When I truncate the table, those files are still being shown as “loaded”

Is there a way to get the pipeline to grab the files and overwrite the table?
Do I need to delete the data in the information_schema.pipeline_files regarding this pipeline and/or Can I unload those files from this table to enable the pipeline to accept the same files?

I think it is important for me to state my goal: I want to overwrite the same data in S3 file with update data every week. When that S3 bucket is loaded with new data, I want to start a pipeline to grab this updated data and overwrite the data on the table.

Thanks again!

vshesha · March 17, 2020, 12:08am

Bump in case this got lost over the weekend.

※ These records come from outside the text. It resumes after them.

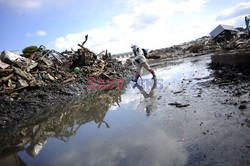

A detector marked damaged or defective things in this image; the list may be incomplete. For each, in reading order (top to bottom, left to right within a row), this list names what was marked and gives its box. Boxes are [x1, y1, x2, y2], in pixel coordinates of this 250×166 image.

damaged house [210, 24, 237, 42]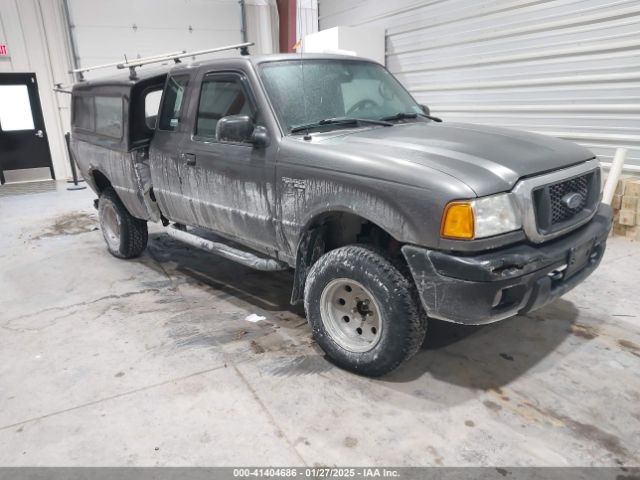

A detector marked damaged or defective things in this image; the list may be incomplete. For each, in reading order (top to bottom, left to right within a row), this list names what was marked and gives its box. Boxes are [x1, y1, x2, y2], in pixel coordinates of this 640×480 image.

cracked bumper [402, 202, 612, 322]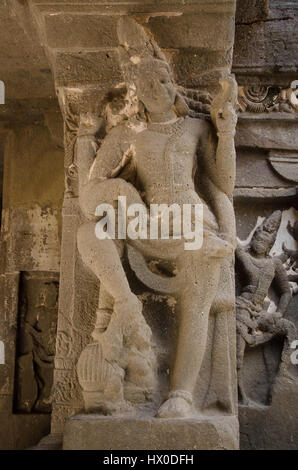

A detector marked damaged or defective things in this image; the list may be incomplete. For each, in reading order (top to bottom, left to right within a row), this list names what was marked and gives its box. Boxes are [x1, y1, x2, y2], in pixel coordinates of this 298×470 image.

damaged face [136, 61, 176, 115]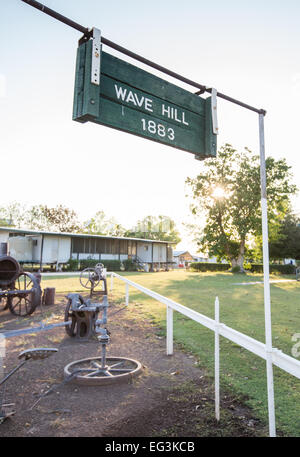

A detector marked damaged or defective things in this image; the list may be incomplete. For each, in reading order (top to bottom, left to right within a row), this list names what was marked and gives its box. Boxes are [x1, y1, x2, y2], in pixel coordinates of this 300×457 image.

rusted farm equipment [0, 253, 42, 318]
rusty metal wheel [7, 272, 42, 316]
rusty metal wheel [63, 354, 142, 382]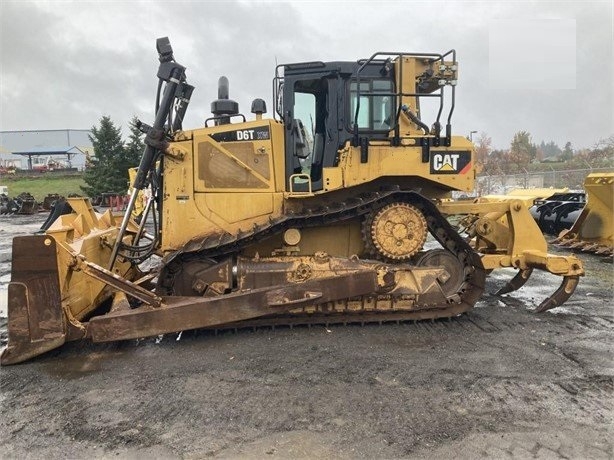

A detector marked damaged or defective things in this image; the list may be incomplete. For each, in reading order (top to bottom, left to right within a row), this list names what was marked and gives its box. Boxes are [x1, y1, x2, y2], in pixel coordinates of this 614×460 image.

rusty metal surface [0, 235, 65, 364]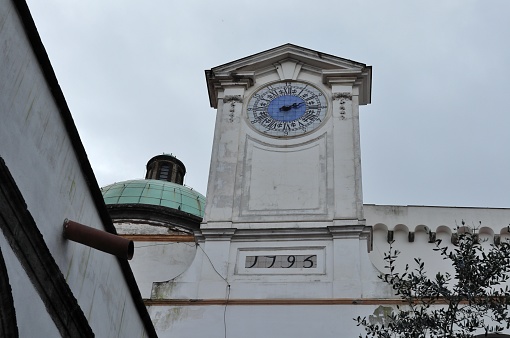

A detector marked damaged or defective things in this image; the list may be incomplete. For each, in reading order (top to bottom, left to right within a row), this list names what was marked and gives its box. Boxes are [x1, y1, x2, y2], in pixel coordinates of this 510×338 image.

@JoYo - Any thoughts/suggestions?

rnarayanan · March 19, 2020, 3:41am

Hi Vishesh,

JoYo should be responding to your specific question shortly.
In the meantime, wanted to know how exactly did you deploy MemSQL? Not sure if you knew, we have MemSQL in AWS Marketplace as well as AWS QuickStart. You can either spin up a BYOL listing or the PAID (on demand) listing.

Thanks for your patience
Ramesh Narayanan

JoYo · March 19, 2020, 3:41pm

I see. If you want to start a pipeline from the beginning, you can do

alter pipeline <name> set offsets earliest

if you want to tell a pipeline to reload a specific file, you can do

alter pipeline <name> drop file <file>

there is no way to do this automatically. if a file changes the pipeline wont detect it.
If you’re completely rewriting your bucket, its probably best to just set the offsets earliest.

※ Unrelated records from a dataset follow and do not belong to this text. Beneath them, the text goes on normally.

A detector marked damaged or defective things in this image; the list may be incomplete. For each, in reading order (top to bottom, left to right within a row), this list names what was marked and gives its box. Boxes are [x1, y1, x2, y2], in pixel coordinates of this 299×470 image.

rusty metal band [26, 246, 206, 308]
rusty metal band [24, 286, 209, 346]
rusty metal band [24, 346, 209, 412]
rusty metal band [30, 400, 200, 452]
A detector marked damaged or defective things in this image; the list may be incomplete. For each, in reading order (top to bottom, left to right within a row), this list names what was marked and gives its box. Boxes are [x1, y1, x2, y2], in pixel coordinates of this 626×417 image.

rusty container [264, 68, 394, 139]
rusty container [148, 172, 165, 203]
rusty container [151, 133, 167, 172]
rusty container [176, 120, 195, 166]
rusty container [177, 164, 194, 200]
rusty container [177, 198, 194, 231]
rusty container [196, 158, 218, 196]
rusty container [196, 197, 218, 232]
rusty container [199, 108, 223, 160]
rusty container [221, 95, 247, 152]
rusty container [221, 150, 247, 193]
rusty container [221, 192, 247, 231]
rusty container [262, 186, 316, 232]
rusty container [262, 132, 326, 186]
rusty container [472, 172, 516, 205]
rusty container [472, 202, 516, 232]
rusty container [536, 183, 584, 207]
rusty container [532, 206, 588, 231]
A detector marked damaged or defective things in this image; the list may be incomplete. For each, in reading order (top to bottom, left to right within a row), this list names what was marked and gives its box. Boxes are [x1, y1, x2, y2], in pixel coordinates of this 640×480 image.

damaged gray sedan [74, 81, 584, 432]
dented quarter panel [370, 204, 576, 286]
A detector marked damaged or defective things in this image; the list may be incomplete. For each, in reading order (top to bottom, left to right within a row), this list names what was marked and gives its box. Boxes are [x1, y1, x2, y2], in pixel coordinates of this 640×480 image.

vshesha · March 19, 2020, 4:09pm

Hello @JoYo,

Thank you for your response!! I will give that a try.

Appreciate you getting back to me!! Have a great day.

Vishesh

vshesha · March 19, 2020, 4:09pm

Hello @rnarayanan,

I utilized a cloud formation template on AWS (well my coworker did).

Cheers,
Vishesh

JCM · June 12, 2024, 4:56pm

is it possible to do it with multiple files like using wildcards?